We would be looking for vehicles of year 2000 onwards in A1 condition and would need to have them at the Showground on Wednesday or Thursday of next week.

Unfortunaly the space can not be used for any non-RV related sales as the show organizers are very strict about this, so I'm afraid I can't extend the offer to European vehicles.

If anyone is interested in this offer, please PM or give James or myself a call on 01608 812438 or 07932 013682 for further details.

Thanks for reading

Linda


----------



## LC1962 (Oct 6, 2005)

Bringing this back up for the evening shift.


----------



## 98452 (Apr 2, 2006)

That leave me out then   

Great for anyone looking to sell and amazed you have no taker.

How about anita302 she been getting nowhere.

DAMON DAYBREAK 2965 7.5 T TWIN SLIDE (REG 2004)


----------



## LC1962 (Oct 6, 2005)

Already sent a PM John, she might pick it up yet.

Trouble is, a lot of people will be away for the bank holiday weekend


----------



## 101411 (Oct 15, 2006)

Hi Linda

Just had a thought!! Cant you get a few of those old RVs you showed us in the other thread?? I bet yours would be the most visited stand in the whole show!!!

Good luck with your hunt


----------



## 88927 (May 10, 2005)

LC1962 said:


> We would be looking for vehicles of year 2000 onwards in A1 condition and would need to have them at the Showground on Wednesday or Thursday of next week.
> 
> Unfortunaly the space can not be used for any non-RV related sales as the show organizers are very strict about this, so I'm afraid I can't extend the offer to European vehicles.
> 
> ...


Hi Linda
Can I ask why the age limit? If you are just simply displaying RV's for sale that are not your stock, then would it not make sense to open up the age range? Someone with an older RV (NOT ME :lol: ) might be attracted to your offer.
Hope this helps

Keith


----------



## LC1962 (Oct 6, 2005)

Hi Keith

You have a very valid point  

Its JCs idea - I think there's a method in his madness whch I will get him to give you the lowdown on when we see you next weekend.

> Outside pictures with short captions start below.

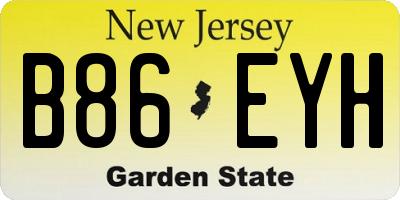 NJ license plate B86EYH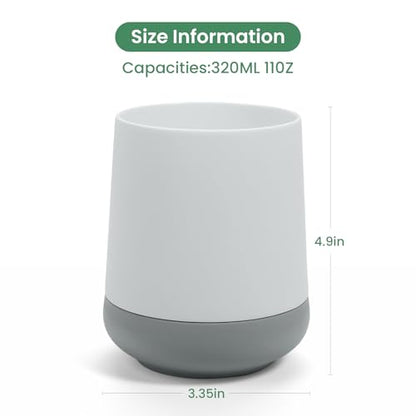 White Toothbrush Holders for bathrooms with Silicon Boot, Modern Tooth Brushing and Toothpaste Holder Cup for Bathroom Organizer (White) - color: White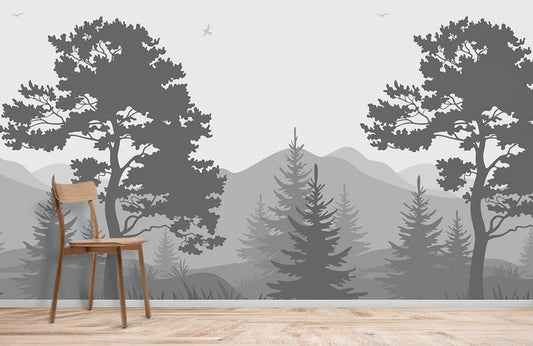 Wallpaper Mural with Cloudy Forest and Mountains for Home Decoration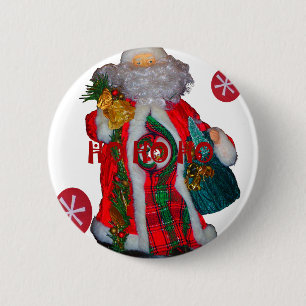 Vrolijk Kerstfeest Kleurrijke Sinterklaas Art Prin Ronde Button 5,7 Cm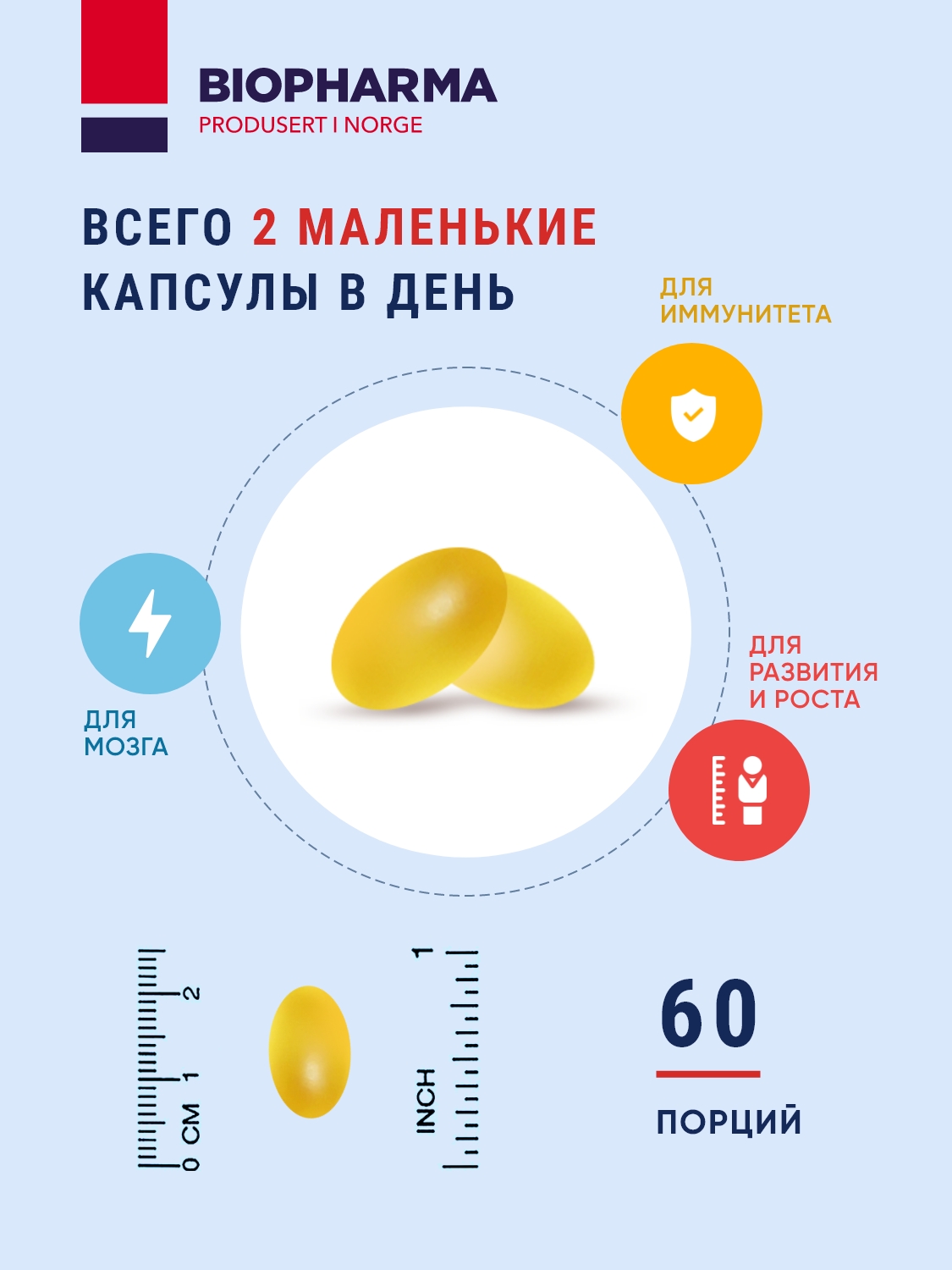 Омега 3 Biopharma Омега 3 для детей с витамином Д3 Trippel Omega 3 Barn рыбий жир 120 жевательных капсул - фото 3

Dazzer.....I'll ship 'em if you're payin' :lol:


----------



## LC1962 (Oct 6, 2005)

We have one RV, space left for one more if anyone is interested.


----------



## 101411 (Oct 15, 2006)

Hi Linda
Just wondered as you only have space left for 1 RV, is there a maximum size of vehicle you can handle??


----------



## LC1962 (Oct 6, 2005)

Hi Dazzer

Ideally 32 foot or less. We now have one 31 footer coming as well as a 29 footer we have here.


----------



## 101411 (Oct 15, 2006)

Hi Linda
Why dont you drop whistlinggypsy a line hes knows of 2 nice RVs for sale, I wonder if they would be interested in attending??


----------



## anita302 (Feb 11, 2007)

Hi Everyone,

Just picked up my posts, Sorry, I have been away for the last two weeks only got back yesterday.

Thanks very much for thinking of me. I have still yet to sell my RV and would have jumped at the chance of bringing it to the Stratford show.

Cheers 
Anita


----------